Une tradition - non authentifiée - ferait remonter la fondation de Soleilmont à 1188. Henri, comte de Namur (+1196), aurait créé cette abbaye pour des dames de Namur et environs dont les maris auraient rejoint Godefroid de Bouillon dans sa croisade en Terre Sainte.

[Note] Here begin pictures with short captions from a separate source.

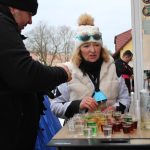 Měšický masopust roste. Letos masky prověřil sníh i obnovená trasa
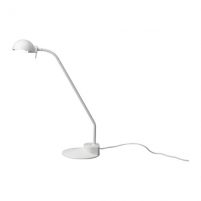 MIL Lampa biurkowa biała IKEA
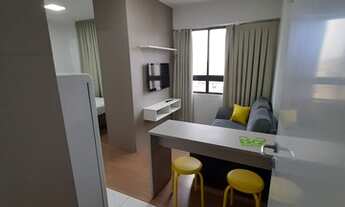 Imagem: Studio para aluguel tem 30 metros quadrados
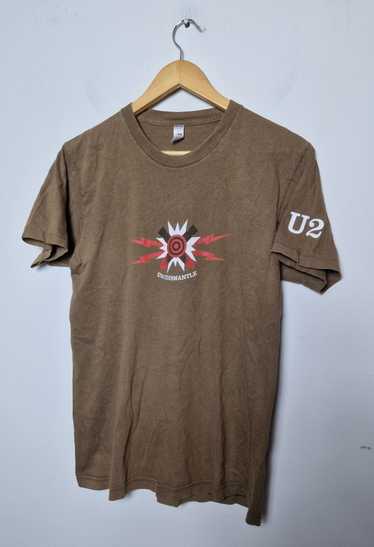 Band Tees × Made In Usa × Vintage U2 VERTIGO TOUR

Plus officiellement, dans un document daté du 11 janvier 1237 : Baudouin, comte de Namur et du Hainaut, demande à l'Ordre de Cîteaux d'y incorporer l'abbaye de Soleilmont. Soleilmont est acceptée dans l'Ordre. Le monastère est désormais cistercien.

Une abbaye jamais riche

Mais à la fin du XIIIe siècle il reste modeste si on le compare aux abbayes voisines. Ce sera le cas durant toute son histoire : les dames de Soleilmont resteront petitement possessionnées. En 1640 les moniales sont exemptées des contributions à faire à l'Ordre. D'autres témoignages existent sur l'abbaye en grande nécessité. Les guerres du XVIIe siècle n'arrangent rien. Les monastères, surtout féminins, sont les premières cibles de la soldatesque. Un document de 1649 relate : la maison est continuellement travaillée à la porte par les soldats et souvent par les larcins tant par jour que par nuit.

Période révolutionnaire

Craignant l'arrivée des armées, l'abbesse Daivier décida en 1790 d'emmener sa communauté en exil au-delà du Rhin. Croyant avoir cédé à une fausse alerte elles reviennent à Soleilmont, … pour y être prises dans la grande tourmente de la bataille de Fleurus qui se passe quasiment sous leurs murs (26 juin 1794). En janvier 1797 elles sont expulsées du monastère. Dès 1802 les moniales peuvent rentrer - comme locataires - à Soleilmont.

Période contemporaine

Fort démunie et vieillissante la communauté passe des années très difficiles. Bientôt elles ne sont plus que quatre. Cependant, avec l'aide des cisterciennes de Marienlof (Looz, Limbourg), elles rachètent Soleilmont (en 1837). Pour se créer des ressources un pensionnat et externat pour jeunes filles est ouvert. Soleilmont reprend un nouveau souffle et les bâtiments sont restaurés ou reconstruits. Ce régime continue jusqu'au début de la Première Guerre mondiale. Le pensionnat est fermé en 1916.

Une catastrophe touche le monastère en pleine nuit de Noël 1963. Juste après l'office de nuit, un incendie se déclare et se propage à l'ensemble des bâtiments. Il n’en reste pratiquement plus rien.

En 1964, les sœurs réintègrent les bâtiments épargnés par l'incendie mais, rapidement, le projet de l'aménagement d'une nouvelle abbaye dans les bois de Soleilmont voit le jour.

En 1973, les sœurs quittent définitivement le site qui sera divisé en vendu à des personnes privées.